**THE TASK**
Lines from the one containing "Valento CQVATOU - Veste de sport TOURNAMENT" through the last line of the records below need to be repeated exactly; nothing else, and no pictures.

+ + + + +

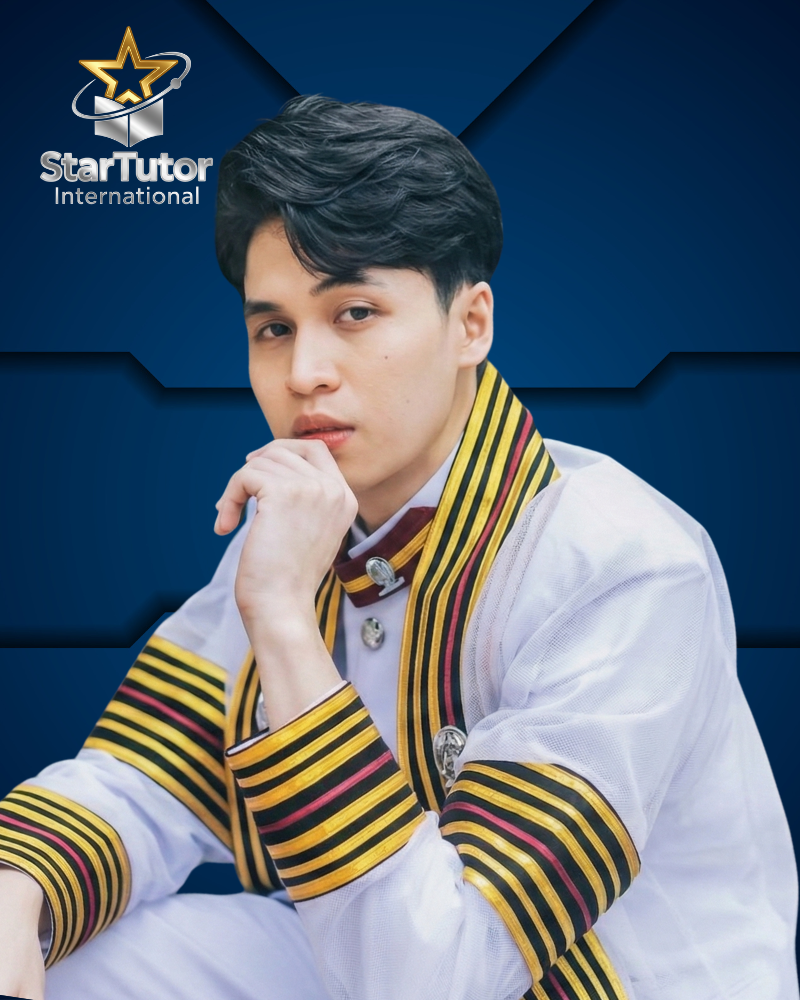 P au startutor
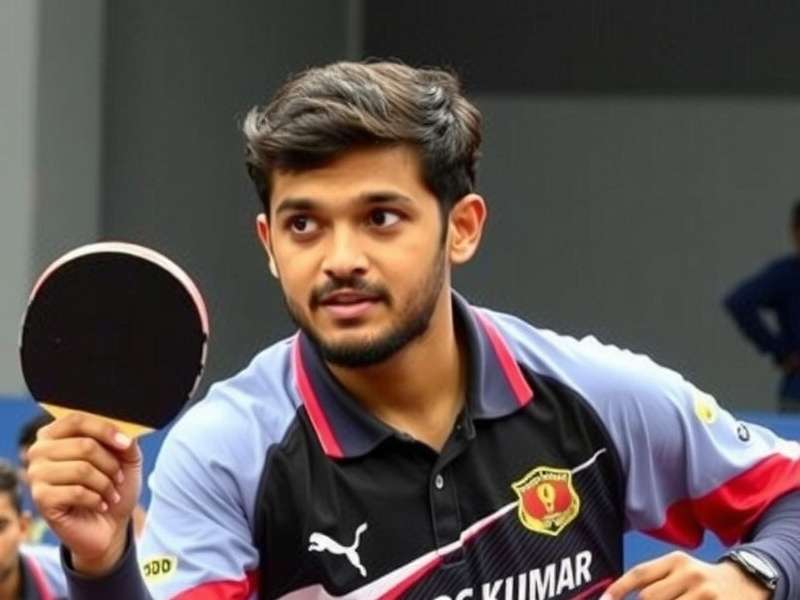 Arjun Kumar Profile picture of Arjun Kumar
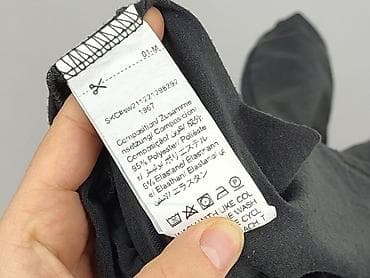 oversized tshirt h: Koszulka dla mężczyzn, rozmiar M — 6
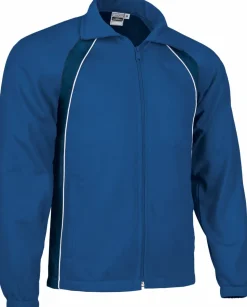 Valento CQVATOU - Veste de sport TOURNAMENT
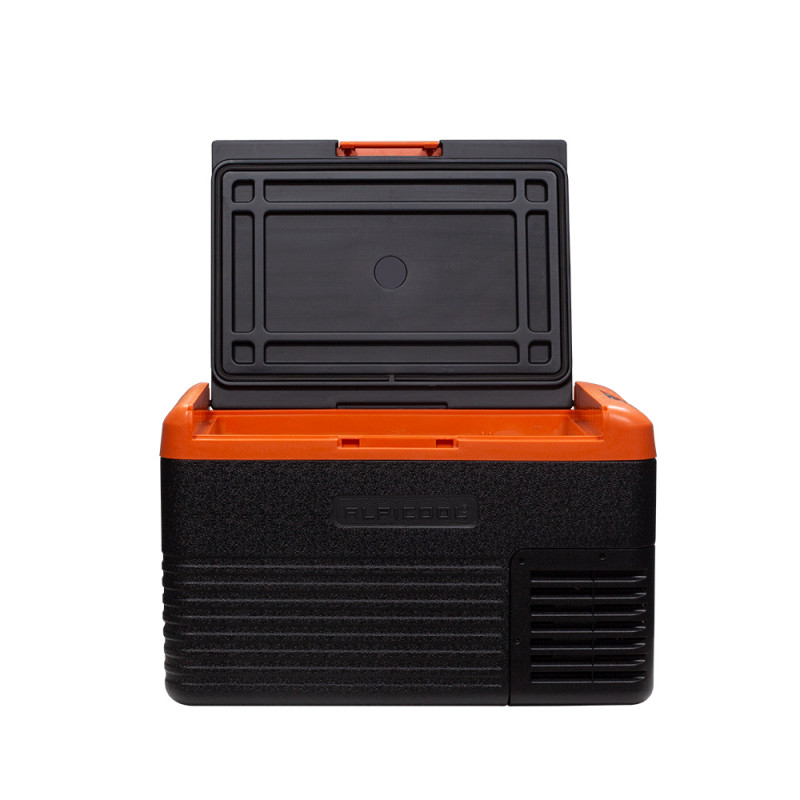 Холодильник автомобильный Alpicool 30л переносной 12/24/220в серия-CL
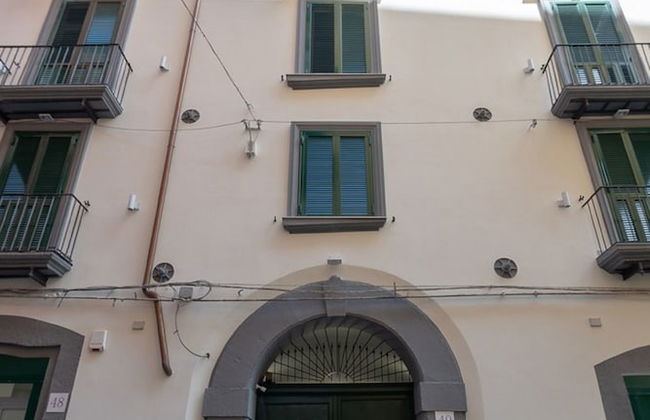 Palazzo Settembrini 49 - Foto 46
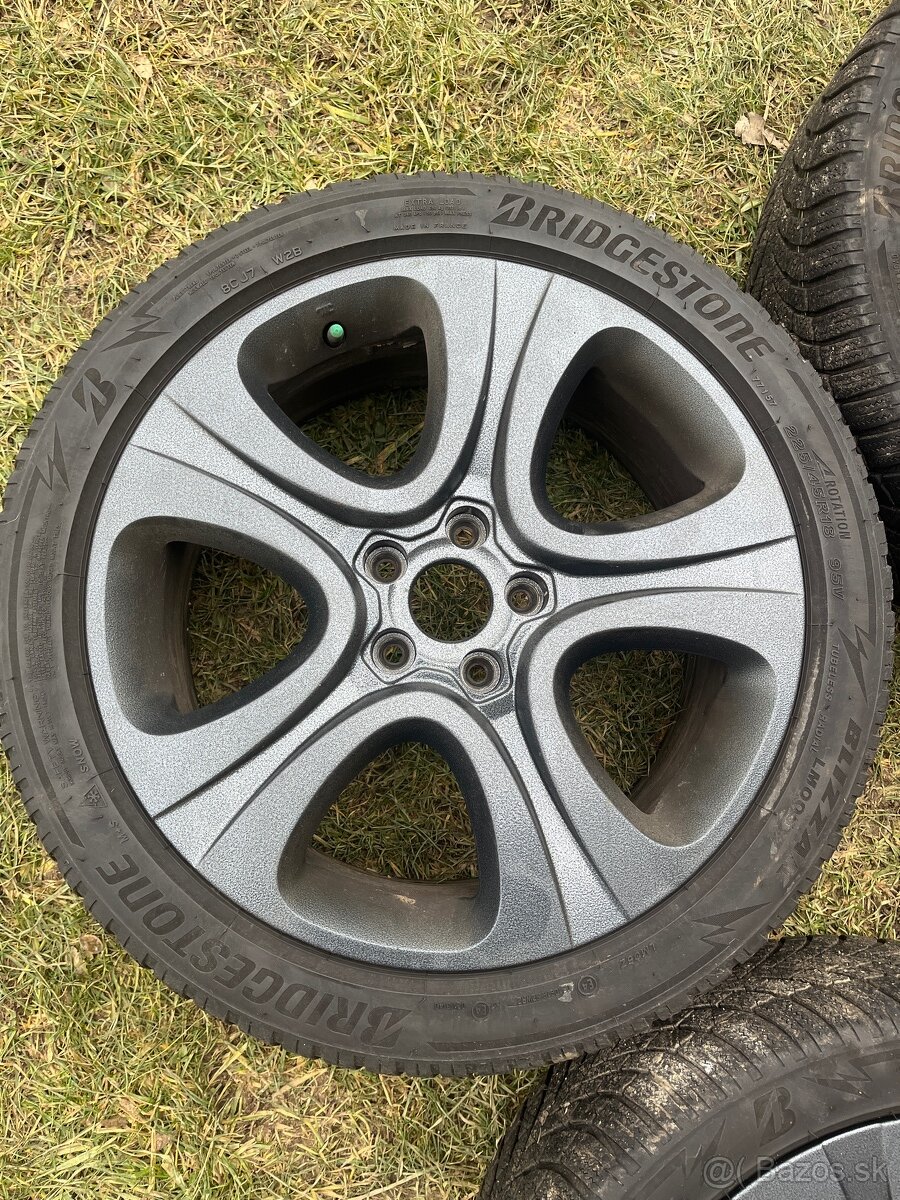 5x110 r18 - 2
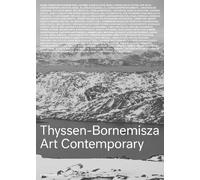Daniela Zyman Thyssen-Bornemisza Art Contemporary (Copertina rigida)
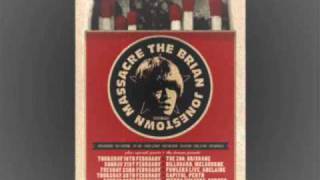 Miniatura de vídeo de "The Brian Jonestown Massacre - She Made Me"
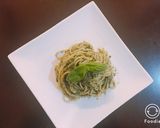 フレッシュ！本格ジェノベーゼパスタ作り方8写真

+ + + + +

**SOLUTION FOR THIS TASK**
 Valento CQVATOU - Veste de sport TOURNAMENT
 Холодильник автомобильный Alpicool 30л переносной 12/24/220в серия-CL
 Palazzo Settembrini 49 - Foto 46
 5x110 r18 - 2
Daniela Zyman Thyssen-Bornemisza Art Contemporary (Copertina rigida)
 Miniatura de vídeo de "The Brian Jonestown Massacre - She Made Me"
 フレッシュ！本格ジェノベーゼパスタ作り方8写真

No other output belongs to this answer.